Anyone who has ever been married will tell you that there’s an adjustment period once the excitement and exhaustion of the wedding wears off. For many, this adjustment period is necessary to grow as a married couple.

Unfortunately for Paul and Hava Forziano, a married couple with special needs, that adjustment period was thwarted. Both Paul and Hava, who lived in separate group homes prior to their wedding on April 7, 2013, were each told by their respective group homes that they could not live together despite being husband and wife.

The couple, along with their parents, challenged the group homes’ decision in a federal civil rights lawsuit. Since the group homes are run by state-sanctioned nonprofit organizations, they are subject to the Americans with Disabilities Act. According to the Act, “a public entity shall make reasonable modifications in policies, practices, or procedures … to avoid discrimination on the basis of disability.”

Despite the denial by their group homes to live together and the lawsuit that ensued as a result, Paul and Hava may finally be able to live together as husband and wife.
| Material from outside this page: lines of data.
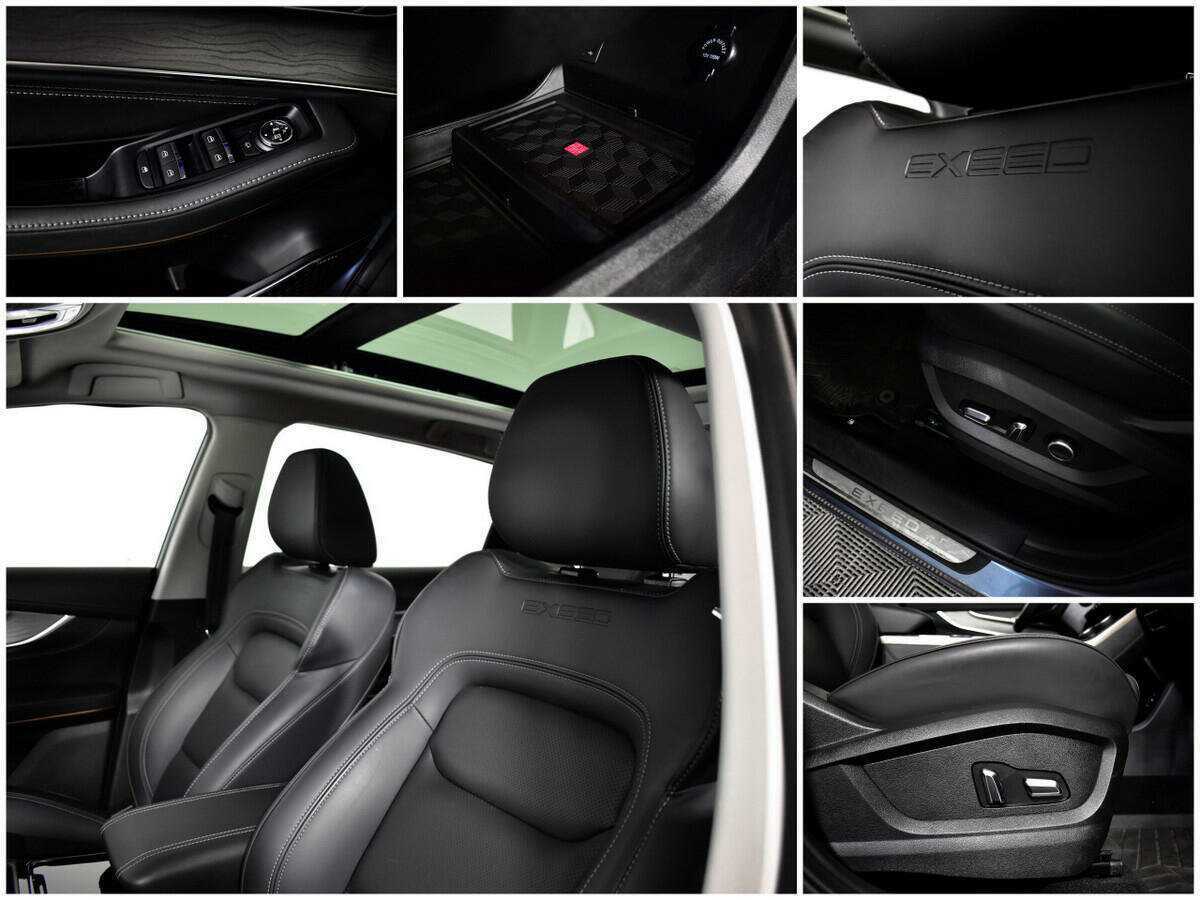 EXEED LX 2022 года с пробегом. Фото: #12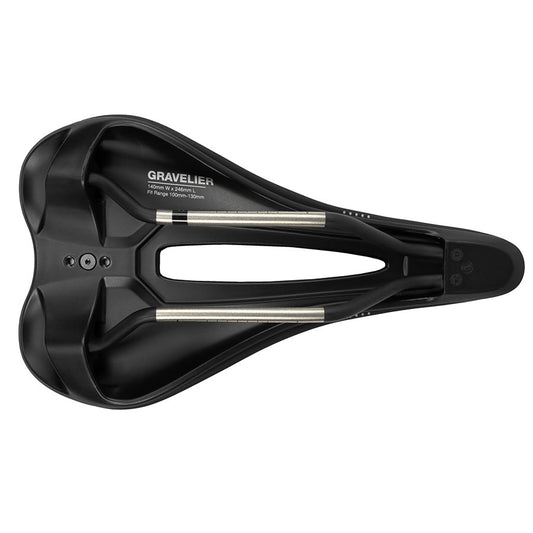 WTB Gravelier Saddle - Black Titanium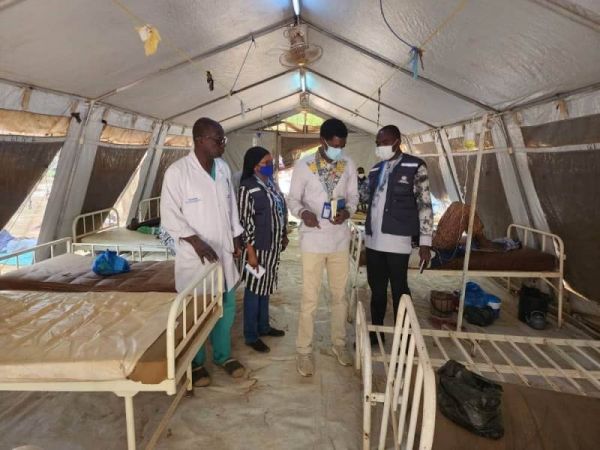 Méningite : 1692 cas dont 99 décès entre mars et avril, Niamey foyer de la nouvelle vague d'épidémie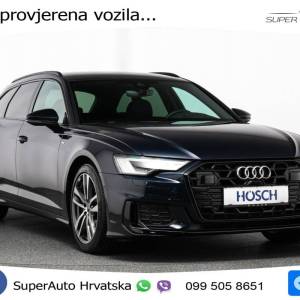 Audi A6 Avant 40 TDI S tronic S line 204 KS, MATRIX+ACC+GR SJED+360+VIRT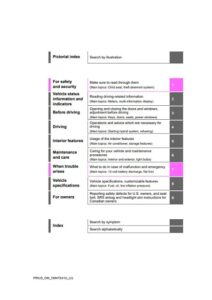 2023 Toyota Prius Owner’s Manual PDF | Manual Directory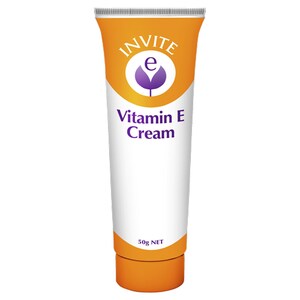 Invite E Vitamin E Cream Tube 50G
The newlyweds were offered an apartment in a group home in Riverhead.

While their ultimate goal of living together as a married couple may soon be accomplished, hopefully the lawsuit will not become a moot point because there is a need for the courts to address this issue.

Individuals with special needs are entitled to the same rights as everyone else. If Paul and Hava are capable of being married under the law, then they should not be denied the ability to live together as a married couple.